Trabzonspor yara almaya ve yavaş yavaş ermeye devam ediyor ama bu durumu düzeltecek olanlar sadece laf üretiyor. Bari maçlardan sonra konuşmayın kardeşim, çünkü her konuşmanız taraftarda travma yaratıyor. Konuşulanları dinleyince Anderson’dan masallar dinliyor gibi oluyoruz.

Trabzonspor gibi hedefi şampiyonluk olan bir takım, maçı 2-0 a getirip on kişi kalan rakibi ile maçı berabere bitiriyorsa sözün bittiği yerdeyiz.
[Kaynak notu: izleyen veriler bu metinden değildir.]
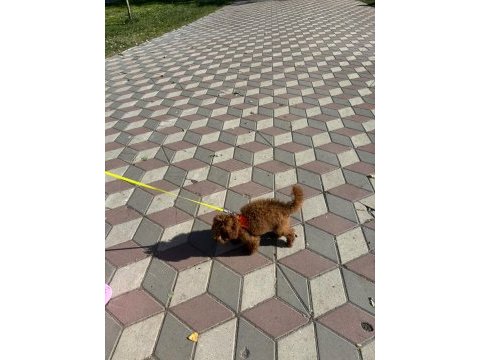 4 aylık efsane toy poodle tüm aşıları yapılmış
Bu takım bunca transfere rağmen oyun olarak hala geriye gidiyor. Teknik sorumlular bu kötü gidişin ya farkında değiller yada bu kötü gidişe çare olamıyorlar.

Ligin en vasat takımlarının performansı bile seyir zevki verirken, Trabzonspor’u izlemek artık acı çekmenin yeni tanımı oldu. Taraftarın her geçen hafta tribünleri terk edişi, bunun en çarpıcı örneği.

Sorun nedir kardeşim, koyun teşhisi vurun neşteri gitsin. Sorun hoca ise hoca gider, oyuncu ise oyuncu gider, hiç kimse bu camiadan daha büyük ve daha değerli değil. Hocanın ve oyuncuların artık çok geç olmadan silkinip kendine gelmesi gerekiyor, buna mecburlar.

Biz yazmaktan yorulduk ama görünen o ki takımı yönetenler inat edercesine anlamamakta direniyorlar. Bir kez daha söylüyorum, bu takımın oynadığı futbol değil, hocadan ricamızdır, bunun adı her neyse bize de anlatsın.